Support Questions

Find answers, ask questions, and share your expertise

Questions on data recovery/integrity after standalone NiFi instance crash

avatar
Expert Contributor

Hello,

I have couple of questions on data recovery/integrity after a standlaone NiFi instance crashes (and is subsequently restarted); I searched here in HCC about NiFi fault-tolerance, the few posts that I looked at talk about fault-tolerance and recovery in a cluster environment, but I'm interested in a standalone NiFi scenario.

In our case the standalone NiFi instance crashed because the Java heap ran out of space (but we do have enough heap space allocated); at the time of the crash one dataflow was running a real-time stream without any issues, but when a second dataflow, that had ListSFTP and FetchSFTP processors, started running (there is a known issue with running List and Fetch processors when there are lots of files to process - https://issues.apache.org/jira/browse/NIFI-3423), some of the NiFi processors in the first dataflow started to throw out-of-memory errors and the ListenTCP processor stopped ingesting new flowfiles from the source system; and, on the server the Java process CPU utilization was something like 250%; at that point, we stopped both dataflows (the NiFi canvas was still accessible, it did not crash) and restarted the NiFi instance; after that, we resumed the first dataflow and all was fine;

Since NiFi writes flowfile content to content repository and keeps attributes and state info in the flowfile repository, no data should have been lost or corrupted when NiFi instance crashed.
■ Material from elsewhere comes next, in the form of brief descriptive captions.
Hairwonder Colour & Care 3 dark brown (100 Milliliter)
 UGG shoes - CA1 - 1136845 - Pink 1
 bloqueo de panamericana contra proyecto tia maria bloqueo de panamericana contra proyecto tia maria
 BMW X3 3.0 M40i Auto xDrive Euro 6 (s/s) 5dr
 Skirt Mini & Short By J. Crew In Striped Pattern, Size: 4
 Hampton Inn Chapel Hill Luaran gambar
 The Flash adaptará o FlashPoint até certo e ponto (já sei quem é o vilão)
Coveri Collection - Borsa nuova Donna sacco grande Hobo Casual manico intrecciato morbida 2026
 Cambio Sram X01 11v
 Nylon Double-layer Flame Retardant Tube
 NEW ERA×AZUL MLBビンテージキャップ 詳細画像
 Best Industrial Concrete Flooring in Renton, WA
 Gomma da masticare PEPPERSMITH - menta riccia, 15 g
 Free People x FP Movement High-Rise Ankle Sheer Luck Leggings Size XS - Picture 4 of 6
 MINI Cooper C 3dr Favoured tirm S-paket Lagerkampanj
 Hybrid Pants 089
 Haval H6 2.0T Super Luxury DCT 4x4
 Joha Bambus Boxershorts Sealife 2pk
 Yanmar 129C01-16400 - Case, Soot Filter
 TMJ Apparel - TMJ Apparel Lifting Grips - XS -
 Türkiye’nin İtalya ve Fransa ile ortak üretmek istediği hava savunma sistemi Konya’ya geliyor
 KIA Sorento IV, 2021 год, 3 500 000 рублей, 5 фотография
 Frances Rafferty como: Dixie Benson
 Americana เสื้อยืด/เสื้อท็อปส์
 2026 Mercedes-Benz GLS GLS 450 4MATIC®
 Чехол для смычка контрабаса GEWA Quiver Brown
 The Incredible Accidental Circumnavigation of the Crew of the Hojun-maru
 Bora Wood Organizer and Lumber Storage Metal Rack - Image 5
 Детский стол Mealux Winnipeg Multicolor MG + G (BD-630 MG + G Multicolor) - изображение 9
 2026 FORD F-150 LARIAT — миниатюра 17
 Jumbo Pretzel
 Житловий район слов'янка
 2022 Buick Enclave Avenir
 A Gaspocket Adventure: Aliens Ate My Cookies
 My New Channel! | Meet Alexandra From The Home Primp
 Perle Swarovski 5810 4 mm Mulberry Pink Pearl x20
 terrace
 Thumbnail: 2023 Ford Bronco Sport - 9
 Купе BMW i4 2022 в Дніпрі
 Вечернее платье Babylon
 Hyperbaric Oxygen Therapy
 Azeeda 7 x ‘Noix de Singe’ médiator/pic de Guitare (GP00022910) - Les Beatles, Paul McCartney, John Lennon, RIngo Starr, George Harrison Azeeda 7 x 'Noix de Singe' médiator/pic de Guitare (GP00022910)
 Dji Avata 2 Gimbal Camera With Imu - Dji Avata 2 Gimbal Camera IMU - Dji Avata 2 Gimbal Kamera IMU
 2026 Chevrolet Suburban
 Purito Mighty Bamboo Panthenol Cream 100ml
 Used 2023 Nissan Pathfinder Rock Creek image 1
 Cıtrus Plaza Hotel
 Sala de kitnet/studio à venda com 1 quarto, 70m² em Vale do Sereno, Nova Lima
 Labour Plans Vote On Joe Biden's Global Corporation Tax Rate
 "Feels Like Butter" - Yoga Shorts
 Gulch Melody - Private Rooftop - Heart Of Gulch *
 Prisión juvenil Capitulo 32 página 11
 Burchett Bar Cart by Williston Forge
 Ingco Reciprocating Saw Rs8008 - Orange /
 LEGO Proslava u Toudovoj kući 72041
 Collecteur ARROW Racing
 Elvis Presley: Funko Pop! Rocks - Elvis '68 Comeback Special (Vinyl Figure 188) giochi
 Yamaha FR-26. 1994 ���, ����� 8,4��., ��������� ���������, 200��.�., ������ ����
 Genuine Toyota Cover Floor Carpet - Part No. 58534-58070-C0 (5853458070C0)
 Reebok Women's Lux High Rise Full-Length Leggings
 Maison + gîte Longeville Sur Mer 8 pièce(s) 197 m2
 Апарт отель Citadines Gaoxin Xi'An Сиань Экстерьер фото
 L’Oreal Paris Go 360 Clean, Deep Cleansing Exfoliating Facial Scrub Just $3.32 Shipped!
Just wanted to clarify if my understanding in this scenario (no loss of data or integrity issues) is correct.

2nd question is, during a planned server reboot, if we stop a dataflow when there is data in transit in the dataflow (i.e. some flowfiles are in queues between processors, some flowfiles are being processed by NiFi processors, e.g. replacetext), then restart the NiFi instance and resume the stopped dataflow, would NiFi pickup where it was left off? i.e, flowfiles that were in the middle of being processed (just prior to the dataflow being stopped) resume their processing from where they were left off? my understanding is yes, that's how NiFi works, the fault tolerance built into NiFi takes care of that. Would like to know if that is correct ?

Thanks in advance.

1 ACCEPTED SOLUTION

avatar
Master Guru

I believe your understanding is correct...

The flow file repository is like a transaction log that provides the state of where every flow file is in the flow. The session object provided to processors lets them perform a transaction.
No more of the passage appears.